On my second visit, the cream-based option was rich and consistent. Someone in the kitchen is paying attention to temperature and seasoning, two things that buffets routinely get wrong.

Drinks are self-service and straightforward. You select from soft drinks, juices, coffee, and even beer. Nothing flashy, but they do the job.

Mains and sides

Food Club Buffet

Here is where Food Club earns its reputation.

The roasted meats are the centerpiece, and they deserve to be. The roast beef, tender and tasty, is worth easily two rounds. The pork, whether carved or slow-cooked, in the form of crispy pata, lechon kawali, and lechon, comes out tender, with a proper crust and real depth of flavor.

On my second visit, I confirmed what I suspected on my first: this is consistent. Not a lucky day. Not a good batch. Consistent.

My other favorite is the Japanese section. All the sushi I tasted passed with flying colors. The rice yields with just the right give — tender but structured, each grain distinct yet bound together. The soy sauce adds a salty edge. The wasabi arrives with a boom through the sinuses and fades cleanly.

What I keep returning to is the salmon sashimi. The flavor builds quietly. First, a gentle brininess. Then the buttery soft fat, almost sweet, coats the palate but never overwhelms. The salmon melts in your mouth, helped along by the wasabi and soy sauce. Just hand over your plate to the sushi chef and request a serving or two.

The shrimp is another solid option. You have the unassuming steamed dish, which surprises you with its sweet tastiness. You peel one open, and the shell gives easily.

The flesh underneath is firm and plump — a clean snap when you bite through. They also have shrimp in sweet and sour sauce, but my bet is on the simple steamed shrimp. No hiding the flavors, yumminess all around.

Don’t miss the bamboo steamers. Stacked three high, they trail wisps of fragrant steam that disappear into the air above the table. Under the lid is one of the best siomai in town — satisfyingly plump, open-topped bundles of seasoned pork and shrimp.

I don’t think I have the space to describe the dumplings, steamed pork ribs, bok choy, bao buns, and more. Just prep a dot of toyo, a dash of calamansi, a dab of chili oil, and you’re in dimsum heaven.

Food Club Buffet

The Filipino favorites — rice dishes, viands in familiar sauces — are well-executed and feel genuine. The lechon is inviting, crackling at the first touch of the carving knife, the meat underneath fragrant with lemongrass and garlic.

The lechon kawali holds its own, each slab of pork belly fried to a golden, blistered crunch that shatters on the bite and gives way to yielding, fatty meat underneath.

The crispy pata is next, tender enough to fall off the bone with the gentlest persuasion. The menudo, bound in a sauce that tastes like it has been building flavor since morning; the beef kaldereta, the meat fork-tender, the sauce carrying a slow heat from the chilies and richness from the liver spread.

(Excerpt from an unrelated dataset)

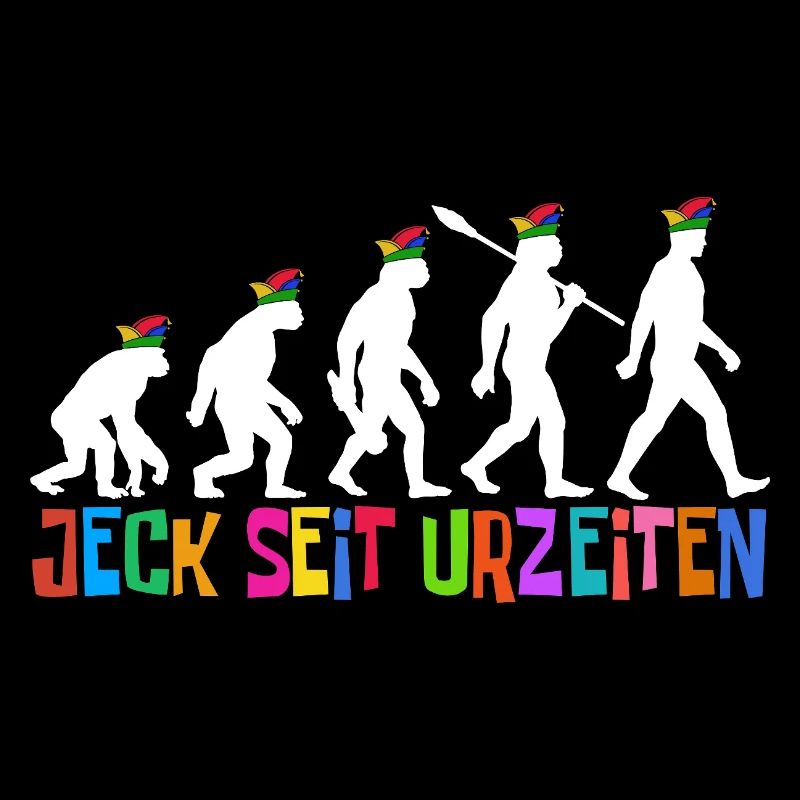 Jeck seit Urzeiten | Evolution Narren, Fastnacht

I stopped counting after 40 dishes. There were definitely more. This is a kind of buffet that’s best enjoyed straight from the serving plate with a fork in one hand and a conversation in the other.

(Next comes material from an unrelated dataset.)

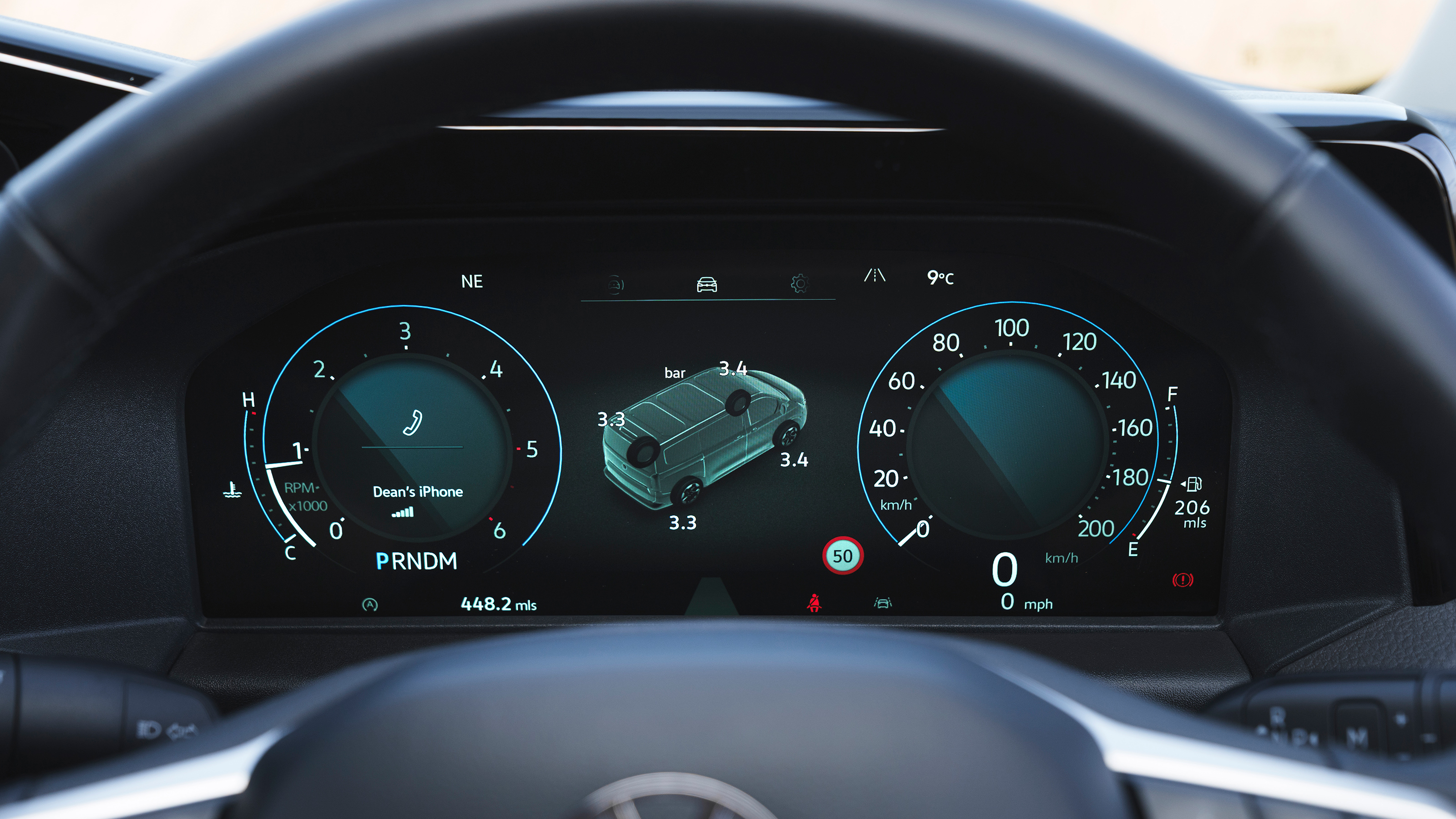 Volkswagen Transporter - dashboard screen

Can’t miss item: The roast beef and shrimp. Go back for it twice. You’re allowed.

Value and final verdict

Food Club Buffet

At its price point of P988 — well below hotel competitors — Food Club delivers value. They also have promo rates for seniors and PWDs at P700, and student rates at P741.

Be sure to check out their website and Facebook page to find out exactly how much it will cost you. You are not paying for atmosphere and getting food as an afterthought. You are getting real food, real volume, and a real dining experience.

This is the right table for families celebrating a milestone, for friends who want variety without argument, for the post-exam lunch you desperately need. It is not the place for a quiet business dinner. But then, it was never trying to be.

Rating: 4 out of 5. Skip the dessert rut, but absolutely come for the roasted meats, sashimi, and shrimp — and come hungry.